PROBLEM DESCRIPTION ▸
Look over the entries and say how many lines include the word "chairs". Only the number, please.

Brief descriptive captions ▸
- Opening Delimiter -
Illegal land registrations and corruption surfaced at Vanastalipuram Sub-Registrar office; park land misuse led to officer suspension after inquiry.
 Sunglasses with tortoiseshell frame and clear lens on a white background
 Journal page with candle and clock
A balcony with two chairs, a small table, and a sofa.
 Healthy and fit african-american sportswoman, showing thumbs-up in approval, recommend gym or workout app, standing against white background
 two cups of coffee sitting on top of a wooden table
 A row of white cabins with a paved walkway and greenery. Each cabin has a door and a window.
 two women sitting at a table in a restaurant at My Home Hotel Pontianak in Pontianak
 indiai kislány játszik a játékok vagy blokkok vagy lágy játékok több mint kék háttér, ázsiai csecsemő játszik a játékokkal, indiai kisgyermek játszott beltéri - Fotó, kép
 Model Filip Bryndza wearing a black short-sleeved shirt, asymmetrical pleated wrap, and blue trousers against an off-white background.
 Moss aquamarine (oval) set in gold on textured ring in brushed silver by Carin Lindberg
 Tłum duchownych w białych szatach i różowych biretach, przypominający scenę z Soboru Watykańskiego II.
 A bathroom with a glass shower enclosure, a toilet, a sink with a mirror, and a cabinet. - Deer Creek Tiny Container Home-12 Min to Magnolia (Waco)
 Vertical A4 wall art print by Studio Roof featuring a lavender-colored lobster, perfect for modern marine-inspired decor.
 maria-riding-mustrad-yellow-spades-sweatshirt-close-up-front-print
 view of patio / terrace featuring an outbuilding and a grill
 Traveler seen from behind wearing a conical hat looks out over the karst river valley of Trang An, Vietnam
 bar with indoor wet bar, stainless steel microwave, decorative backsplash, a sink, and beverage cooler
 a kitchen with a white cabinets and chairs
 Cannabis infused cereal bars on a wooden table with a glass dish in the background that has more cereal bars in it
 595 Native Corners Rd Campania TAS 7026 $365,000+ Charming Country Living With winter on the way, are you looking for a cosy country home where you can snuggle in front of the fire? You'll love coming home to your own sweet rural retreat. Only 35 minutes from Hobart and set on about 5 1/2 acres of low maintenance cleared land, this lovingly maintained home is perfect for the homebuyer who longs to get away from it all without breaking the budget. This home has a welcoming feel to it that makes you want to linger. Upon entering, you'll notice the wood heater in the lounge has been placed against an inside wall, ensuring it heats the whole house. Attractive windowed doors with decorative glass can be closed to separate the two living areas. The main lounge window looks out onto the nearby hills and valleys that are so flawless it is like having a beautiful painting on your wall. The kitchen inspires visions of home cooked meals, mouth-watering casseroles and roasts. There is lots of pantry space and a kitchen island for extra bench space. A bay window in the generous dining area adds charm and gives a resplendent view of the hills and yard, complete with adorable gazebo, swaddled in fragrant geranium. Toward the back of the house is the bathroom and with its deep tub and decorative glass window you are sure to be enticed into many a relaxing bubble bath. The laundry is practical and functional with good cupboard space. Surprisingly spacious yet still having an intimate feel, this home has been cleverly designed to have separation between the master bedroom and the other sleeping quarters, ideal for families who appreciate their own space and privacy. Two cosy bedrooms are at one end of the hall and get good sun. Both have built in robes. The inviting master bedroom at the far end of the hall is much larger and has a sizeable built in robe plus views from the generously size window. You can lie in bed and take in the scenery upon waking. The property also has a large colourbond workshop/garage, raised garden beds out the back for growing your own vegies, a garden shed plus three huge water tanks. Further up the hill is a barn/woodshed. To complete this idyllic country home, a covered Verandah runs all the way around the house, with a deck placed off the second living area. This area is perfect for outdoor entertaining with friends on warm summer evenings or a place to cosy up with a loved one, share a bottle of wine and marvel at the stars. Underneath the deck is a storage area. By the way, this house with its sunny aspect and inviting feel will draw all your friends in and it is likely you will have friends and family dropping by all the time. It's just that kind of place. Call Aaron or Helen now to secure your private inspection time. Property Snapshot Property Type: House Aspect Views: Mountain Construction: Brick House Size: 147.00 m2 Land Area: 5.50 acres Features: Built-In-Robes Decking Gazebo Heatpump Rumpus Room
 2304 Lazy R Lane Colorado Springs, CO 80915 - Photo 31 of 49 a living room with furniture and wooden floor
- Closing Delimiter -
ANSWER TO THE PROBLEM ▸
2